GOAL OF THE EXERCISE
No line before the one holding "this 630×360 image." is wanted; restate word for word that line and all lines after it to the end of the entries, excluding pictures.

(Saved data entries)

*** Block opens ***

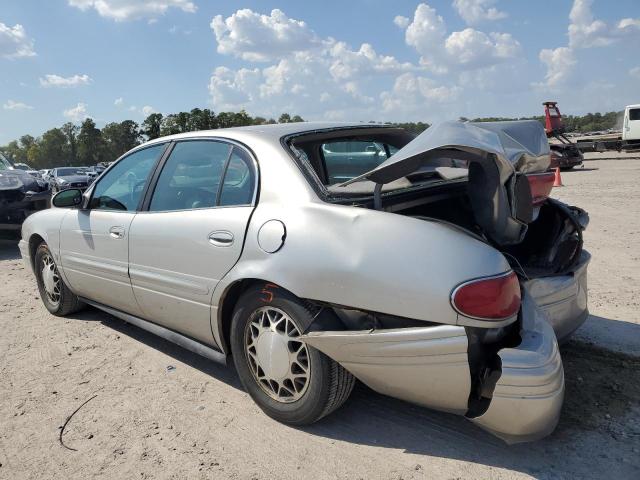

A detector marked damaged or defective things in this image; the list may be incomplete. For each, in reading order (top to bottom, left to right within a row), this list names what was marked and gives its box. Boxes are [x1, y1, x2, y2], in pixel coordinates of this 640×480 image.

damaged silver car [18, 120, 592, 442]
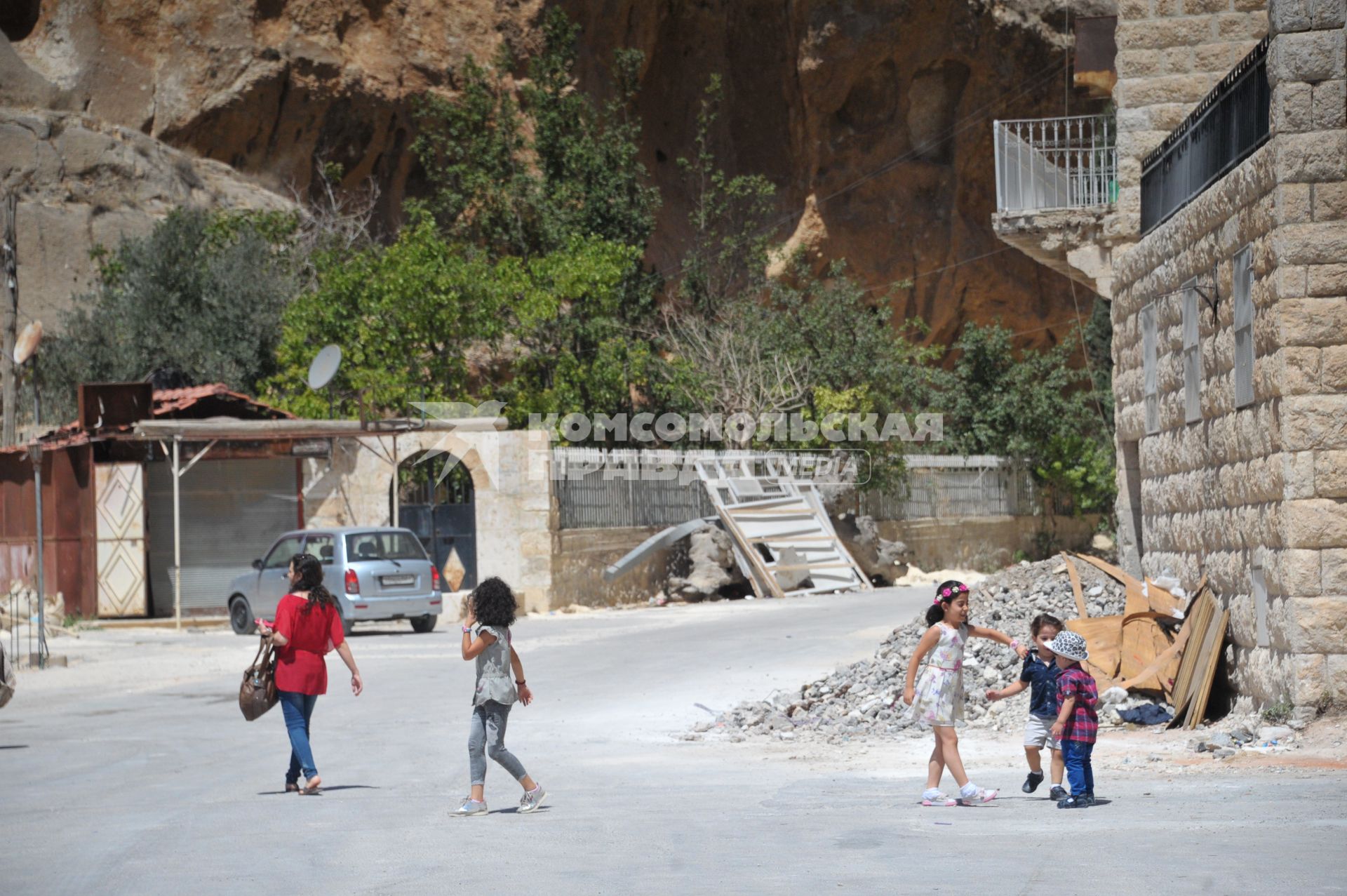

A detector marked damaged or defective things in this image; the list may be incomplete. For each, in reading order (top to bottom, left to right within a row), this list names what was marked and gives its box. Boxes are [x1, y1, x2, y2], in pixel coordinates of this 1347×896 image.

rusted metal roof [0, 387, 295, 455]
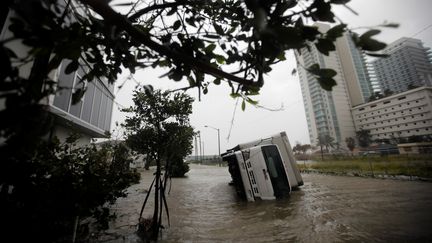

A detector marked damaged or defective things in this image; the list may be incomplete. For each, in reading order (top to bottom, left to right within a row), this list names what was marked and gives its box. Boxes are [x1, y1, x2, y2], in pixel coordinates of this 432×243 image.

overturned white vehicle [223, 132, 304, 202]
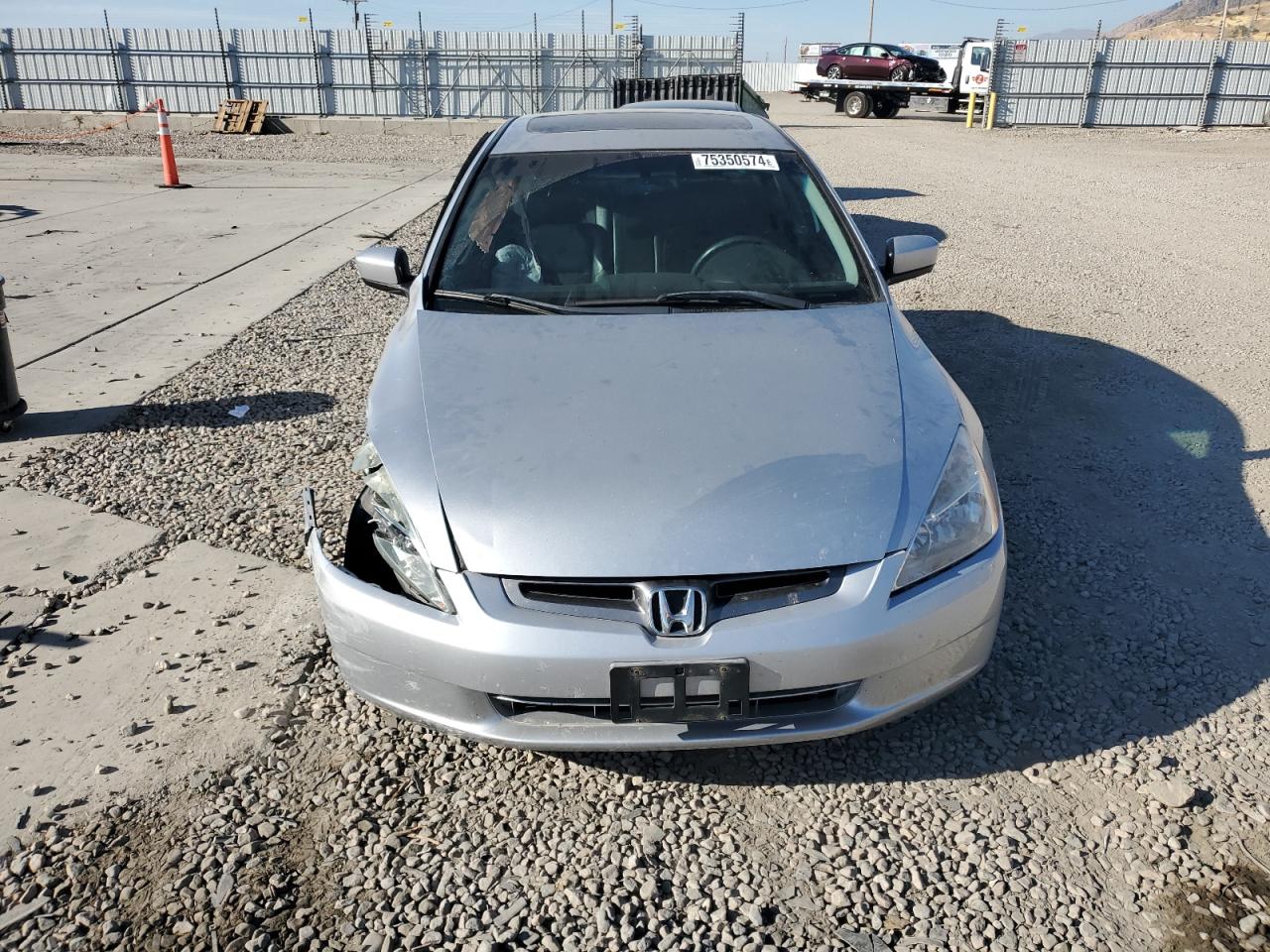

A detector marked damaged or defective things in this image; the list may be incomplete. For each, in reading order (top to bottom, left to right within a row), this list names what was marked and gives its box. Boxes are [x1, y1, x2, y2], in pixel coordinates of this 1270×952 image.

cracked headlight [353, 440, 456, 615]
dented hood [417, 303, 905, 579]
cracked headlight [893, 428, 1000, 591]
damaged front bumper [300, 492, 1000, 750]
missing license plate [611, 662, 750, 722]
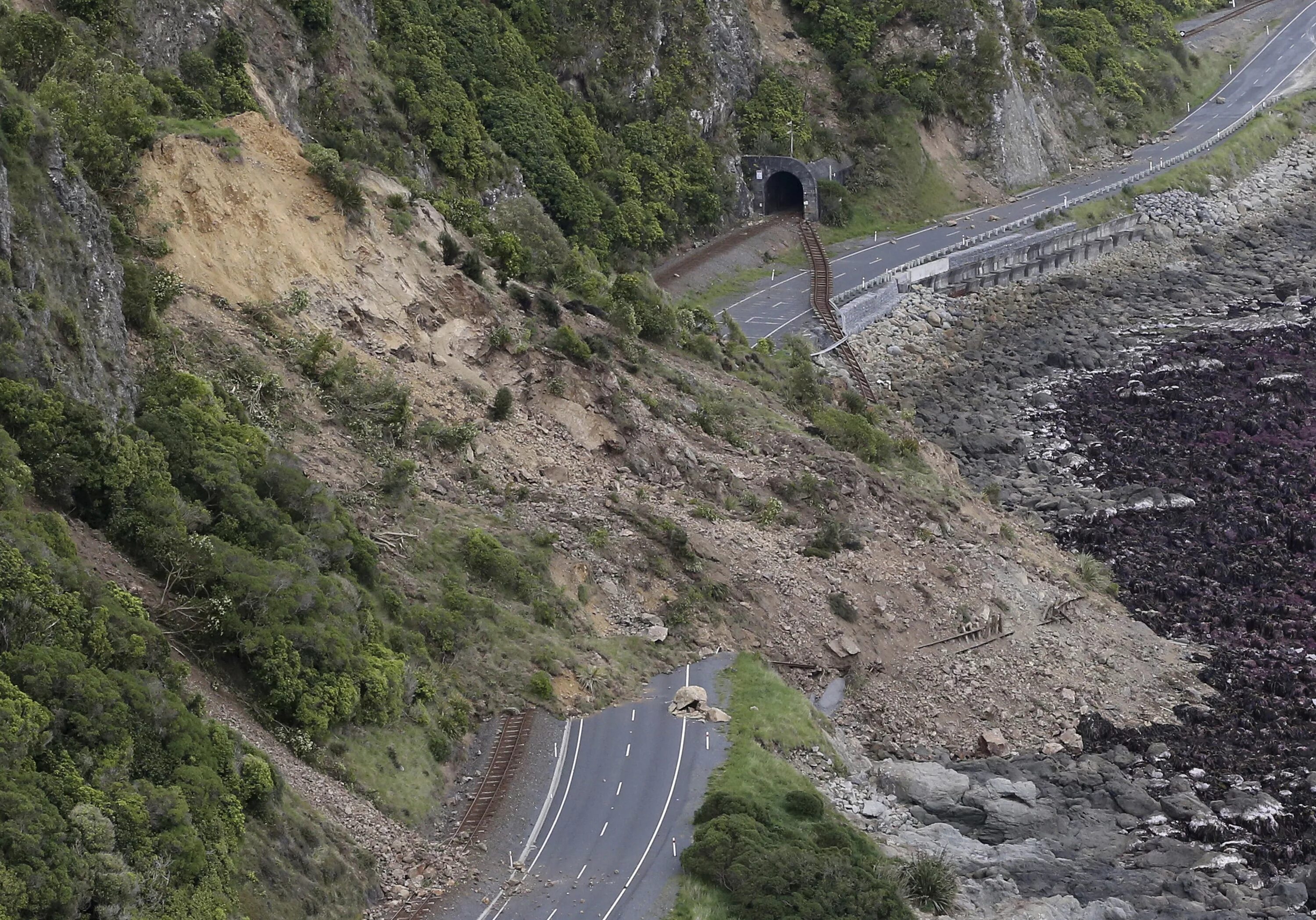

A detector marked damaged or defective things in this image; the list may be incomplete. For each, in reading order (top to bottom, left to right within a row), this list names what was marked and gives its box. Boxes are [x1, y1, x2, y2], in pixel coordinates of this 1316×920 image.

buckled rail track [795, 221, 879, 400]
buckled rail track [455, 710, 532, 847]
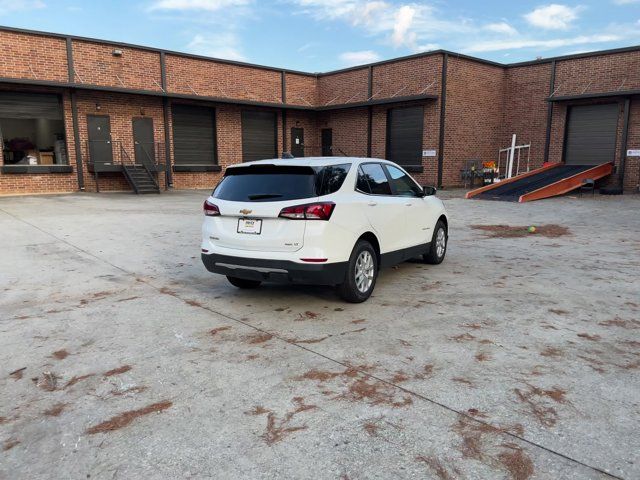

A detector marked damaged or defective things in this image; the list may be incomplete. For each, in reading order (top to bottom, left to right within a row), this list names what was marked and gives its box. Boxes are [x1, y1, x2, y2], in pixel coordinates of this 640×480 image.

cracked concrete [0, 189, 636, 478]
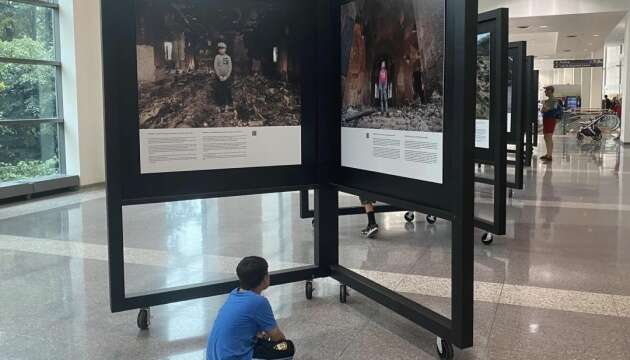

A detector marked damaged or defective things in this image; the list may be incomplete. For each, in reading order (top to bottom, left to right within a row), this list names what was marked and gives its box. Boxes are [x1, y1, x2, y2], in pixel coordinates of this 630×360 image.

damaged building interior [136, 0, 304, 129]
damaged building interior [344, 0, 446, 133]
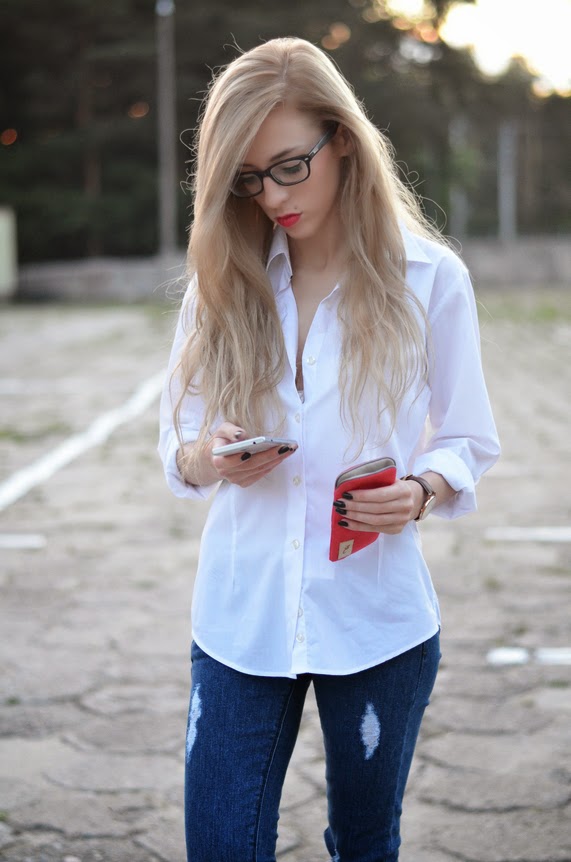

*** Block closes ***

WRITTEN RESPONSE
A detector marked damaged or defective things in this image; the list may be incomplete. For each, in reading order (top to bottom, left to right within a row), this list names what was marked and gives its box. Boxes are [x1, y1, x2, y2], in pixel coordinates of this 630×360 image.

damaged building interior [136, 0, 304, 129]
damaged building interior [344, 0, 446, 133]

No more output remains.